**** DATA RECORDS
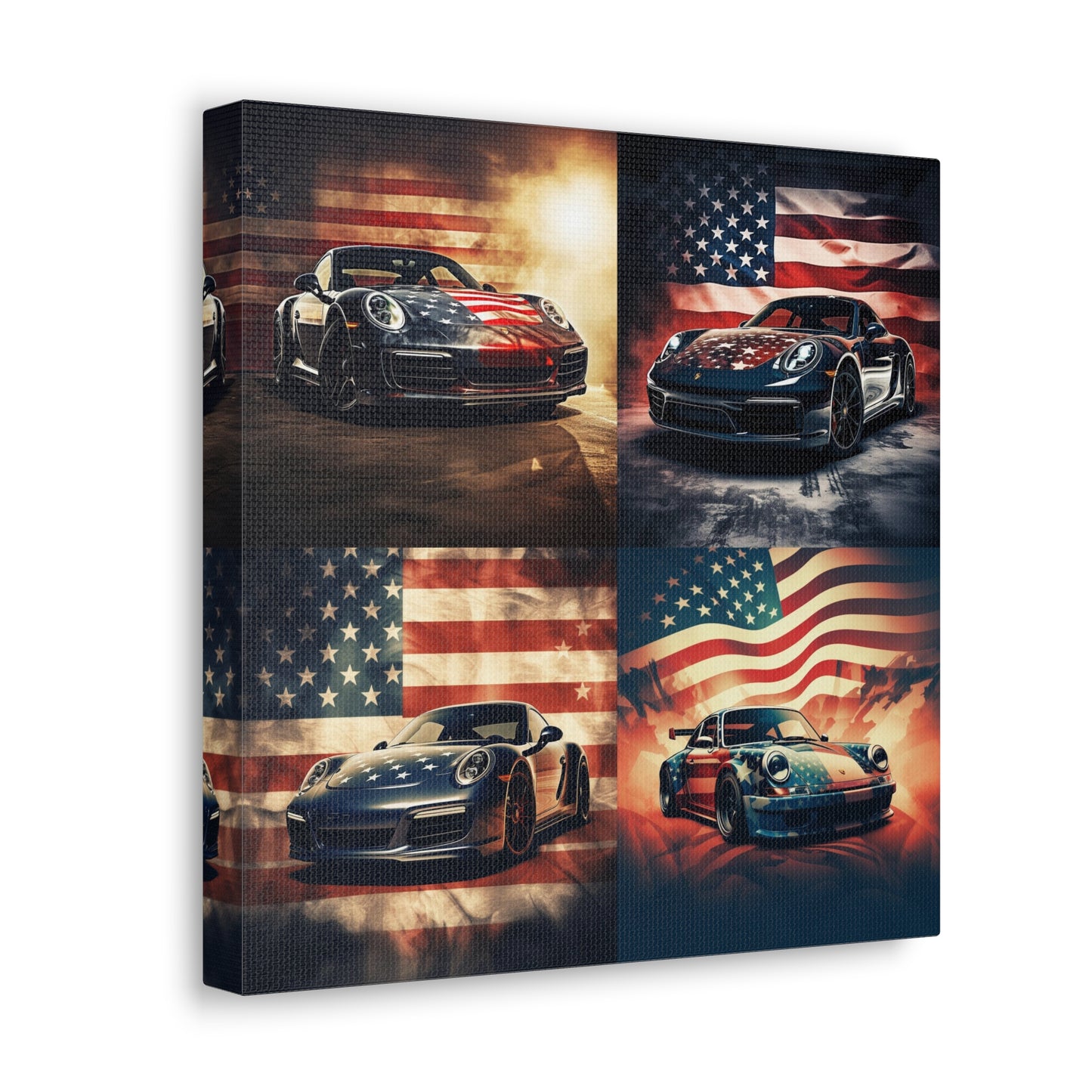Canvas Gallery Wraps Abstract American Flag Background Porsche 5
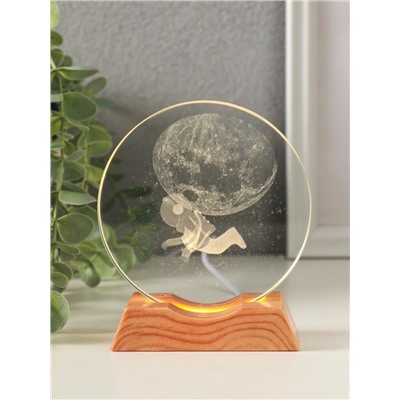 Световая фигурка стекло «Диск. Голограмма: Открытый космос», 5×LED, d=10 см, USB, 10×4×11.4 см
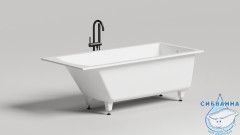 Ванна из искусственного камня Salini Cascata 170x70 (материал S-Sense, белый глянцевый)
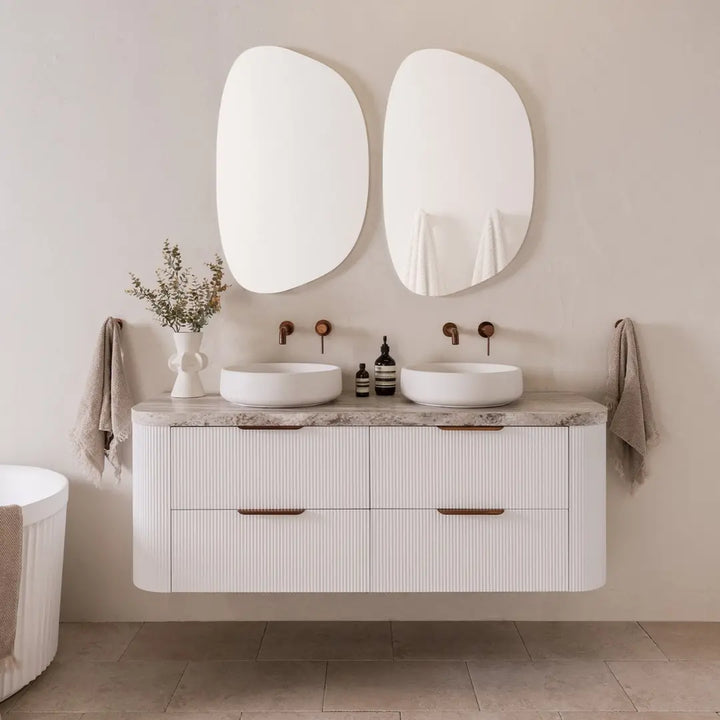 Thirroul Twin All-Drawer wall hung Vanity with stone top ADP
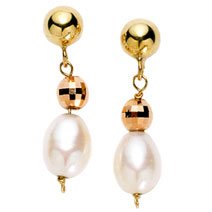 14k Yellow and Rose Gold Mirror Cut Bead Pearl Earring by 
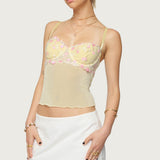 Embroidered Floral Sheer Bra Top
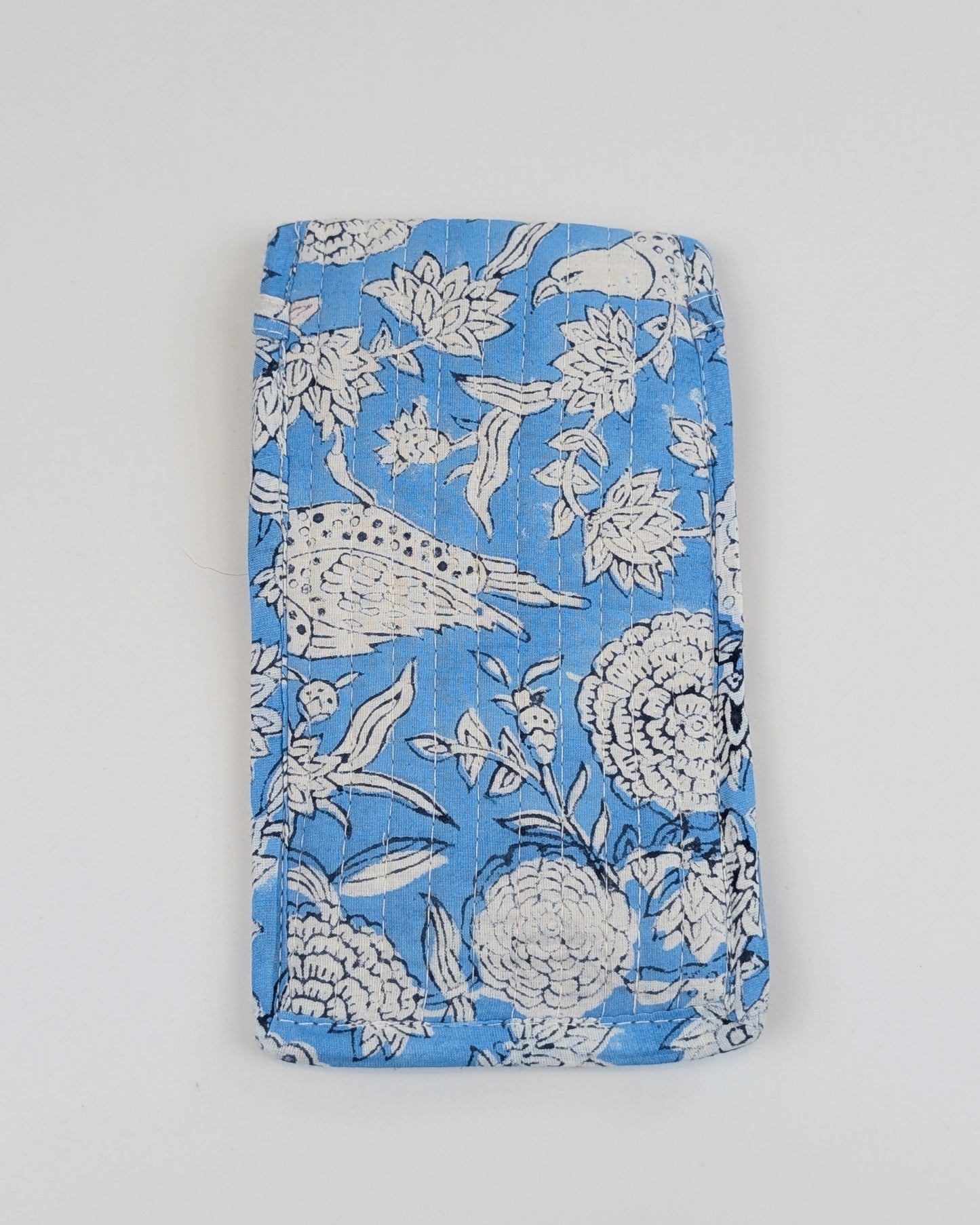 Twinflower Sky Blue Floral Block Print Quilted Glasses Case - Precious Sparkle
********
• _EXERCISE AIM_
The entries above are to be returned exactly, without their pictures.

• _YOUR RESPONSE_
Canvas Gallery Wraps Abstract American Flag Background Porsche 5
 Световая фигурка стекло «Диск. Голограмма: Открытый космос», 5×LED, d=10 см, USB, 10×4×11.4 см
 Ванна из искусственного камня Salini Cascata 170x70 (материал S-Sense, белый глянцевый)
 Thirroul Twin All-Drawer wall hung Vanity with stone top ADP
 14k Yellow and Rose Gold Mirror Cut Bead Pearl Earring by 
 Embroidered Floral Sheer Bra Top
 Twinflower Sky Blue Floral Block Print Quilted Glasses Case - Precious Sparkle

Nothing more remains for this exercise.